#### Work to complete:
Both the line below containing "Daniel Dzierbicki - Biała" and the line containing "Woman Works on", along with every line between them, should be repeated exactly; no other line belongs in the answer.

#### Source data:
──────────

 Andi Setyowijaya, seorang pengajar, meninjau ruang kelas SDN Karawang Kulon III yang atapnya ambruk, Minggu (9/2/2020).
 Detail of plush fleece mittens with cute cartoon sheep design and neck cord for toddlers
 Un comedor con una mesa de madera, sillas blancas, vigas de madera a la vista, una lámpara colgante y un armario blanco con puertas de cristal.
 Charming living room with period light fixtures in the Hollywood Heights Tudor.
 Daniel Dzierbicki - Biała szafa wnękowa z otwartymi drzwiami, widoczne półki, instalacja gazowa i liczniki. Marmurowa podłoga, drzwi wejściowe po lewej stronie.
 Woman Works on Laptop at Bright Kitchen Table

──────────

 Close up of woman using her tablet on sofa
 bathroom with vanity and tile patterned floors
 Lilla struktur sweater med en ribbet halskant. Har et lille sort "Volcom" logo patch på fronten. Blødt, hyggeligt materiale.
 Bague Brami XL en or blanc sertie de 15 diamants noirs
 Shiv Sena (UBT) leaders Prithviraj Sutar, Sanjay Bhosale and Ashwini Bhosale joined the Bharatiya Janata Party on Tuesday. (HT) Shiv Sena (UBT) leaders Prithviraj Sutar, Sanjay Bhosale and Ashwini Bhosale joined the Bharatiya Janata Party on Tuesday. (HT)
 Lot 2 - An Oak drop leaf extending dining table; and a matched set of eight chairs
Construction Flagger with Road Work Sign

──────────

#### Response:
 Daniel Dzierbicki - Biała szafa wnękowa z otwartymi drzwiami, widoczne półki, instalacja gazowa i liczniki. Marmurowa podłoga, drzwi wejściowe po lewej stronie.
 Woman Works on Laptop at Bright Kitchen Table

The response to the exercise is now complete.